### What the task requires
All entries are to be copied exactly, with pictures removed.

[Records from a dataset]
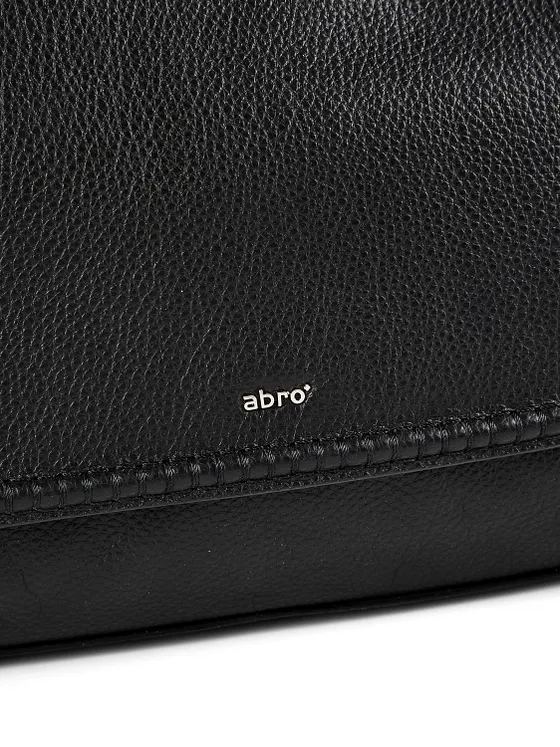 abro Signature Skuldertaske Læder 33 cm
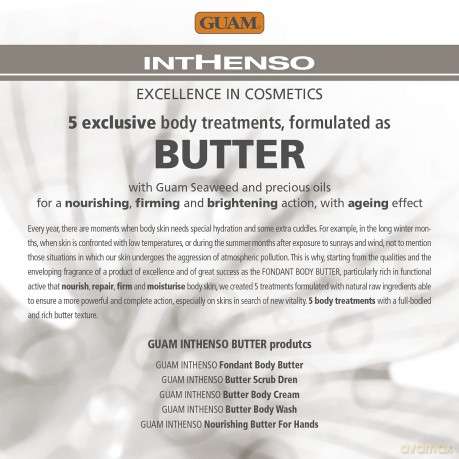DEADIA Cosmetics Inthenso butter shower gel (Butter Body Wash) 150 ml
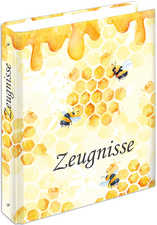 Image RNK Verlag Zeugnisringbuch "Honey", DIN A4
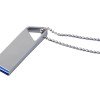 USB 2.0-флешка на 16 Гб с мини чипом, компактный дизайн, отверстие треугольной формы для цепочки USB 2.0-флешка на 16 Гб с мини чипом, компактный дизайн, отверстие треугольной формы для цепочки
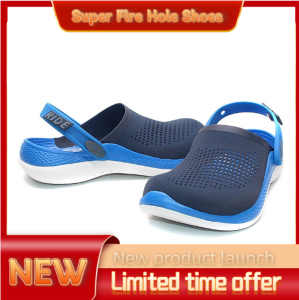 Original Crocss Literide Clog Casual Sandals Men and Women Sports Sandals Beach shoes flat slippers crocss ready stock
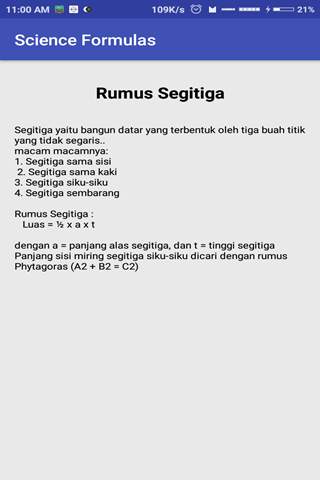 Science Formula screenshot 3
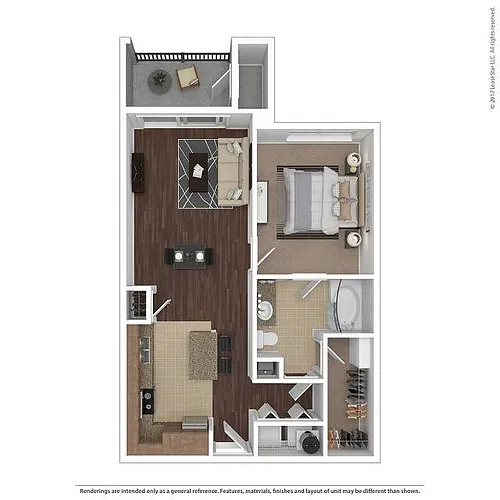 Floor plan A11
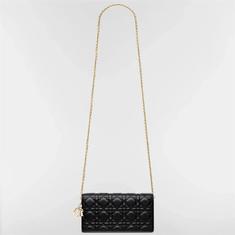 디올 Lady Dior 파우치 S0204ONMJ_M900 썸네일 4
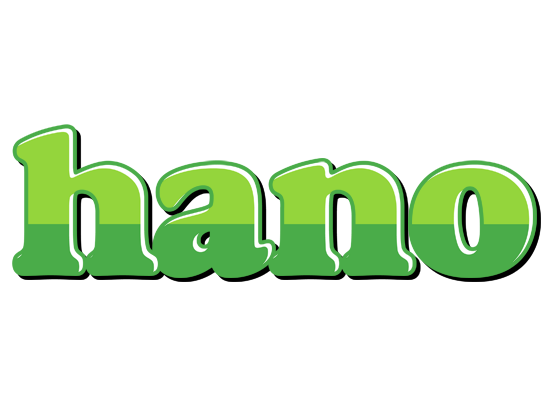 Hano apple logo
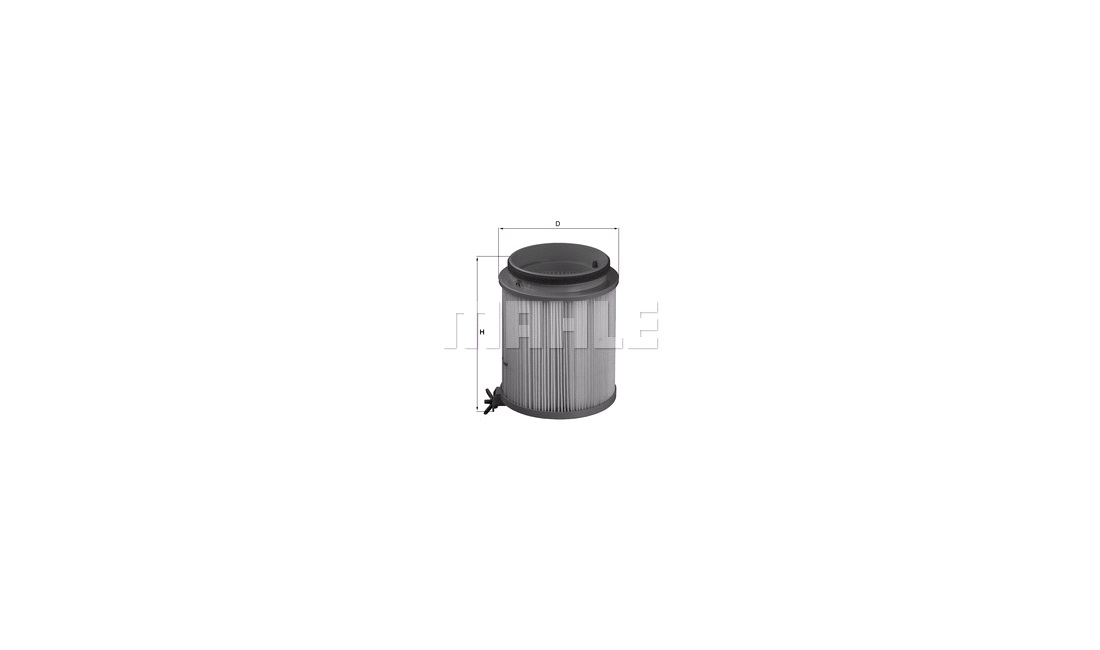  Filter, kupéventilation, Kupéluftsfilter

### Written solution
 abro Signature Skuldertaske Læder 33 cm
DEADIA Cosmetics Inthenso butter shower gel (Butter Body Wash) 150 ml
 Image RNK Verlag Zeugnisringbuch "Honey", DIN A4
 USB 2.0-флешка на 16 Гб с мини чипом, компактный дизайн, отверстие треугольной формы для цепочки USB 2.0-флешка на 16 Гб с мини чипом, компактный дизайн, отверстие треугольной формы для цепочки
 Original Crocss Literide Clog Casual Sandals Men and Women Sports Sandals Beach shoes flat slippers crocss ready stock
 Science Formula screenshot 3
 Floor plan A11
 디올 Lady Dior 파우치 S0204ONMJ_M900 썸네일 4
 Hano apple logo
  Filter, kupéventilation, Kupéluftsfilter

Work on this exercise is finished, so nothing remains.